Impairment of IGF-I gene splicing and MGF expression associated with muscle wasting

Abstract

The characterisation of a local tissue repair factor (mechano growth factor, MGF) that is produced by exercised and/or damaged muscle by differential splicing of the IGF-I gene provides understanding of how muscle is maintained in the young normal individual. Mechano growth factor, or MGF, is different to the systemic IGF-I as it has an insert of 49 base pairs in exon 5 that introduces a reading frame shift resulting in a C terminal peptide with unique properties. Muscle is a post-mitotic tissue and as cell replacement is not a means of tissue repair there has to be an efficient local repair mechanism otherwise the damaged cells undergo cell death. The extra nuclei for muscle repair and hypertrophy are provided by the muscle satellite (stem) cells. The pool of these stem cells is apparently replenished by the action of MGF, which is produced as a pulse following a mechanical challenge.
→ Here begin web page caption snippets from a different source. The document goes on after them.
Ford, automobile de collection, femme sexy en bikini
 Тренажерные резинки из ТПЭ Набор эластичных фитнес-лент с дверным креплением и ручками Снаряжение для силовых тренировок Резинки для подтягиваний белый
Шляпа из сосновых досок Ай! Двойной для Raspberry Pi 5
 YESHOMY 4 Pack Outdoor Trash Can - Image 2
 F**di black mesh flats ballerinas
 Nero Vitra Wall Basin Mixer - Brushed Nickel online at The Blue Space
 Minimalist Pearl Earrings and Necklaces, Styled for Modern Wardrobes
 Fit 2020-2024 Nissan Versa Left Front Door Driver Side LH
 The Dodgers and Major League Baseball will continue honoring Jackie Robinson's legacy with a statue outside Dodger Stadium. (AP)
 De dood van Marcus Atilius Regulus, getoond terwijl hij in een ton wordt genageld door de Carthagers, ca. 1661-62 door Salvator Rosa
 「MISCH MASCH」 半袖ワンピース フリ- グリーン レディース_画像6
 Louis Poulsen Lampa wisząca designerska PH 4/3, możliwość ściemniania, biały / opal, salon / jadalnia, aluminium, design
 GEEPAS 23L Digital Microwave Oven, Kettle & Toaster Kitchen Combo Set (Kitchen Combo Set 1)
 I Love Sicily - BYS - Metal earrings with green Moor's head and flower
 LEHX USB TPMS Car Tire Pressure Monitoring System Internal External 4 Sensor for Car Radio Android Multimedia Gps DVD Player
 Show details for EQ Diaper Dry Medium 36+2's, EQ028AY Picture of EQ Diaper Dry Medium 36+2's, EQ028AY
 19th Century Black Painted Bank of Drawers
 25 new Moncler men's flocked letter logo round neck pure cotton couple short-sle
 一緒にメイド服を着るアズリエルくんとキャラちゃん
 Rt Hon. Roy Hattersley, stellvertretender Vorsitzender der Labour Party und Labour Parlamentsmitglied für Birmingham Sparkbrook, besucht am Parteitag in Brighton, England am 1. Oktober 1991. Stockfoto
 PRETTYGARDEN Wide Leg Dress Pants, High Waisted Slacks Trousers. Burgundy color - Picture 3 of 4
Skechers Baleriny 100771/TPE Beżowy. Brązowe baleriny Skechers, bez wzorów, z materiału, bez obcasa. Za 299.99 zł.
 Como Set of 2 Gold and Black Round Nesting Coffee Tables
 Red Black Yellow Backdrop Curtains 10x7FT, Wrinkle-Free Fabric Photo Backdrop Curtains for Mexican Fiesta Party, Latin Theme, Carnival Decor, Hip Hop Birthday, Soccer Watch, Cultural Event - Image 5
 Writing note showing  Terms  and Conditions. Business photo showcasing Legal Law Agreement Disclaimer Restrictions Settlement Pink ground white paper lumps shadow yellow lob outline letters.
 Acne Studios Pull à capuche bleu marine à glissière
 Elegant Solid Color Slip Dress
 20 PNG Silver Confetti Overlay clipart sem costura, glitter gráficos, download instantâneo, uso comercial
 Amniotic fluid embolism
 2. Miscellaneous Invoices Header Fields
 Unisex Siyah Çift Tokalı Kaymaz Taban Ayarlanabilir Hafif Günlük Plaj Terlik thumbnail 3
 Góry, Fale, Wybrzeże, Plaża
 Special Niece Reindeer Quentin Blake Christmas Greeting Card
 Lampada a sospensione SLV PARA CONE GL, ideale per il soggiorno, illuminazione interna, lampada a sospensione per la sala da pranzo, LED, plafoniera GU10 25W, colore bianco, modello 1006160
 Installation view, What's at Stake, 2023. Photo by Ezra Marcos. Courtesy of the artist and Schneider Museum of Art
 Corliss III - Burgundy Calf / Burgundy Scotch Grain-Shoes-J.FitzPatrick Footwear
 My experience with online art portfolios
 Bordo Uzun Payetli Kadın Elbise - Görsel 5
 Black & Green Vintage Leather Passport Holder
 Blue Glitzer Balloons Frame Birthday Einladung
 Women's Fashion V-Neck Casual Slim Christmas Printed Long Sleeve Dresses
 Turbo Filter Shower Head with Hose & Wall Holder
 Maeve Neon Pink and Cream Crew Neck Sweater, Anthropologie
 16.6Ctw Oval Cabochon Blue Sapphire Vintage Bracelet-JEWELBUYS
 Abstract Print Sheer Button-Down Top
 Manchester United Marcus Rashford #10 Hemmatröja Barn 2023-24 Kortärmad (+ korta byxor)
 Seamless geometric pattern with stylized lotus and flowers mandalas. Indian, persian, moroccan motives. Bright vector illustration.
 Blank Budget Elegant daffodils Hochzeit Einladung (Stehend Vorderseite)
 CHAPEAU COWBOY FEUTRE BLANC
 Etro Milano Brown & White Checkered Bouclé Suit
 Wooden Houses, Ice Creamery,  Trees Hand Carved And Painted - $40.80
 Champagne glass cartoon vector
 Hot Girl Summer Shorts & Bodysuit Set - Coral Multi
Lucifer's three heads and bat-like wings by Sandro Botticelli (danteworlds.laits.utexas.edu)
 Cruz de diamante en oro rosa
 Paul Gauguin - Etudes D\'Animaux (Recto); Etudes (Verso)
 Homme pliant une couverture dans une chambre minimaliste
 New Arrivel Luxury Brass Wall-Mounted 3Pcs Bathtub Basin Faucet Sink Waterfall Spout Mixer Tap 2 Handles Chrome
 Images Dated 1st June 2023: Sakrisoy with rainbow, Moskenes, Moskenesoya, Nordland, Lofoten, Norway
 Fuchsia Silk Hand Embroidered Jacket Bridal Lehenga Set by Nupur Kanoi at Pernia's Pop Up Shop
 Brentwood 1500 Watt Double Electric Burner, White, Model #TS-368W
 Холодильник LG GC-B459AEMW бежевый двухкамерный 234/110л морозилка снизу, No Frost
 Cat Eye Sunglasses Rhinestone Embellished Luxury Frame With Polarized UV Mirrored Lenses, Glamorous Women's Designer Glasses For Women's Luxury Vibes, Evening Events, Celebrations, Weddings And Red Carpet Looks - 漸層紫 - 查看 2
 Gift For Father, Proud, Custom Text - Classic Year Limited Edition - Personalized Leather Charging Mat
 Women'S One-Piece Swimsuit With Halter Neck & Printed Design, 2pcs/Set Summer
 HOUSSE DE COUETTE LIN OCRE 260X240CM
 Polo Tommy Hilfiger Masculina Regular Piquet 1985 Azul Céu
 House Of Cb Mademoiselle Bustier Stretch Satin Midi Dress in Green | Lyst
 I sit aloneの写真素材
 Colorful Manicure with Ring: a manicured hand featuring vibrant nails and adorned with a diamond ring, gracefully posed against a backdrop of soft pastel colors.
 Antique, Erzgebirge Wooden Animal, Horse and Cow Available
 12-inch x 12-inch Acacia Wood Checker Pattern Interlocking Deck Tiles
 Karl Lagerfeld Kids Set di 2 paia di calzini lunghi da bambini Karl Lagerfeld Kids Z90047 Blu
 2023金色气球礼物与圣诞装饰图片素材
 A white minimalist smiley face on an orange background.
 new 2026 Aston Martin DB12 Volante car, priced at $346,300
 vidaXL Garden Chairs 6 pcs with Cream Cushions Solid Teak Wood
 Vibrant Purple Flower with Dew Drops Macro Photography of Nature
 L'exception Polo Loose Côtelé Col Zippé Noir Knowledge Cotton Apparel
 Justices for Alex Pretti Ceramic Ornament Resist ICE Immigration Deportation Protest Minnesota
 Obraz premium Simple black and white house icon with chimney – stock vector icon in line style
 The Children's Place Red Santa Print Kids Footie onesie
Unfortunately, the production of MGF is deficient in certain diseases such as in the muscular dystrophies in which the mechanotransduction mechanism, which may involve the dystrophin complex, is defective. In elderly muscles, decreased levels of growth hormone apparently mean that there is less primary RNA transcript of the IGF-I gene to be spliced towards MGF. Consequently, there is an increasing inability to maintain muscle mass during ageing. Delivery of MGF and cDNA or peptide produces marked increases in the strength of normal as well as diseased muscle and, therefore, MGF has considerable potential as a generic means of treating muscle cachexia.